We appreciate the reviewer’s comments and have expanded our analysis of the multi-bit encoding method. Specifically, we conducted a new theoretical analysis to demonstrate that the multi-bit method also suffers from the false recognition problem as key capacity increases. Key points are summarized as follows:

(1) Distribution Analysis and Novel Bound:
We identified that the detection method in the multi-bit encoding aligns more closely with a Gumbel distribution than the originally claimed binomial distribution. Based on this observation, we derived a novel bound for the composed extreme variable as follows:

Let $C_{p_t} = \max\left(\frac{X_1}{T/b}, \frac{X_2}{T/b}, \cdots, \frac{X_r}{T/b}\right)$, where $X_\rho \sim \text{Binomial}\left(\frac{T}{b}, \frac{1}{r}\right)$ for all $\rho \in [r]$. Then, the probability that $C_{p_t}$ exceeds a threshold $y$ is bounded by:
$\Pr(C_{p_t} \geq y) \leq r \cdot \exp\left(-\frac{2 T \left(y - \frac{1}{r}\right)^2}{b}\right).$

This bound reveals that as the message length $b$ increases, the probability of false positives $\Pr(C_{p_t} \geq y)$ also increases, exacerbating the false recognition problem.

(2) Tail Bound Analysis and Implications:
To address challenges in computing Gumbel parameters, we analyzed its tail bounds and showed that the detection threshold increases with key capacity. This growth causes unwatermarked text to increasingly resemble watermarked text.

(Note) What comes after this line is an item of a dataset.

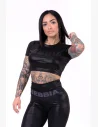 Designový crop top s krátkým rukávem je opět něco, co tu ještě nebylo! Tento sexy kousek potěší všechny odvážné ženy, které se nebojí extravagance a udávání trendů.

(3) Numerical Validation (Fig. 13):
Numerical experiments validated our theoretical findings. Specifically, as $b$ increases, the expected detection statistic rises, the distribution narrows, and variance decreases. These effects complicate accurate classification, confirming that false recognition becomes more severe as key capacity increases.

These theoretical and experimental results support our main paper’s claim, emphasizing the limitations of the multi-bit watermarking method and providing a deeper understanding of its inherent challenges.

M7. We have added new baseline models (details in the Experiments section). To enhance the comparison of multi-bit methods, we incorporated them as new baseline models, as detailed in the updated Experiments section. It demonstrates that the multi-bit model applied in this scenario is capable of encoding key information and indicator variables. However, its performance is inferior to our proposed methods, highlighting the effectiveness of our proposed framework.

M8. We have added a new similarity metric, Sim (details in the Experiments section). To assess the quality of generated text after watermarking, we adopt the approach of Fernandez et al. (2023), utilizing cosine similarity (Sim) between watermarked and unwatermarked text to evaluate generation quality and measure information loss. The experimental results indicate that the sSim scores of all watermarking methods are at a similar level, demonstrating that our method does not compromise quality compared to other watermarking methods.

M9. We have added a new algorithmic outline to make the procedure clearer. (Details in Algorithm 1) We have included a new algorithmic outline illustrating the generation and detection processes to enhance clarity. This visual representation provides a step-by-step depiction of the procedure, making it more intuitive for readers to follow.